8. "Aushwitz-Birkenau"
9. "Stolen Memories"
10. "Making the List"
11. "Give me your Names"
12. "Yeroushalaim Chel Zahav"
13. "Rememberances"
13. "Theme from Schindler's List"

Note: Listen to here.

Exploring the Music
The area of the column where I will explore the music in as much detail as I see fit for each entry.

Theme Exploration:
"Theme from Schindler's List"

The brilliance of this score by John Williams is that he captures the emotional impact on strings as effective as ever. However, he doesn't go big nor does he use an orchestral quality to get the point across. In its place is a fiddle, playing a somber melody that will become one of his greatest works. It captures a deeper resonance as it builds, capturing a longing for a more peaceful time. This score is just as rooted in Jewish roots as Fiddler on the Roof, but seems more impressive because of how Williams has grown as an artist since then. Here, he uses minimalism to capture a singular loneliness that will play throughout the entire film. It will build to a unification, but that sole fiddle defines the struggle of each individual in that ensemble. It's a beautiful, iconic piece of work that shows his ability as an artist to be more than a showman. He can be compassionate in ways that play to his strengths, which is pretty surprising given all of the scores he's been nominated before this one.

Interesting Standout:

The score remains largely minimal for most of its first half, choosing to capture the emotional gravitas of the individual. However, this is one of the early examples of the score shifting towards Jews as a culture, struggling together while keeping the faith. This stands out in part because of the powerful harmonic singing that comes at the center of the piece. It adds weight to John Williams' score, causing it to feel rooted more in a culture that will become very vocal by the soundtrack's end. Here, it's the early roots of music becoming integral to the emotional and psychological survival of its characters. There's no weak spot in this entire score, and this only stands out because of the perfect balance between the classical instrumentation and the orchestral accompaniment that swirls perfectly through the entire work.

Best Moment:
"Schindler's Workforce"

If there was only one showcase for Schindler's List and its greatness, this nine minute track effectively captures everything that John Williams does best. It has an underlying pulsating beat that drives the emotional arc, building to an orchestra that is as somber and dramatic as the rest of the album. Still,this works as its own miniature opera that captures the pains and struggles of the characters in a word-free composition. You understand everything perfectly in this piece, which features the motif coming back to center the piece in its identity. There may be be a lot of interesting shorter tracks that play with harmony better, but this is where Williams really gets to show what his skills are by drawing out notes, making the tension rise as the listener gets invested in the emotional aspects of the music.

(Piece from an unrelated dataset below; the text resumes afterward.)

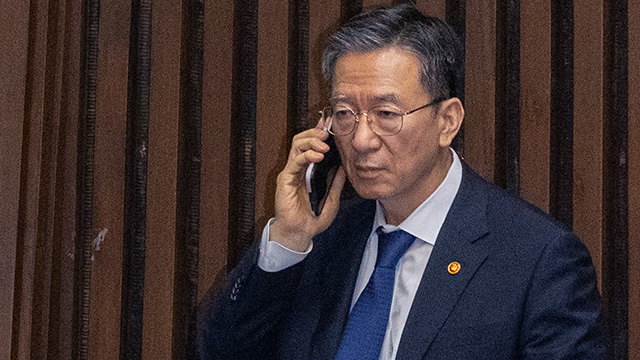 정성호 “트럼프, 정부와 이재명 대통령에 왜곡된 느낌 가진 듯”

Did This Deserve an Oscar Nomination?:

There's an easy complaint to be made in suggesting that Jurassic Park also should've been nominated from 1993. I would be with them. However, it would still lose to Schindler's List because it's another example of a career best for John Williams, who has had his ebbs and flows, but tends to deliver with Steven Spielberg. Here, he creates something that feels personal in its elaboration, capturing an emotional depth that he hasn't been able to do before. You can feel the sad notes echoing before the first 20 seconds of "Theme from Schindler's List" finish. It has the typical catchy hook, but this time it doesn't come with a whimsical and happy melody. Instead, it's as somber and reminiscent as they come. Few composers could ever hope to make music this engaging yet sad for a mainstream film. Williams did it, and I can only hope we see this side of him again.

Did This Deserve to Win?

What's interesting is that this is John Williams' last Oscar win as of 2017. While there's an off chance that either The Post or Star Wars: The Last Jedi could alter that (I would hope more the former if anything), I think that this is a pretty good one to win for. It's the one that challenged him in ways that I haven't actually heard him challenged before. He usually goes for big, elaborate numbers that are exciting, but I feel like they're familiar. Here, he is exploring something richer as a composer and coming up with a sound that shows his gravitas. This is the work of an artist dedicated to an emotional complexity, no matter which end of the spectrum that lands on. This is a bona fide masterpiece, and I'm curious if I will ever feel this strongly about a Williams score going forward. He'll probably go great work, but one has to wonder if this is his last masterpiece that should've won. Oh well, we got about 20 nominations to prove otherwise.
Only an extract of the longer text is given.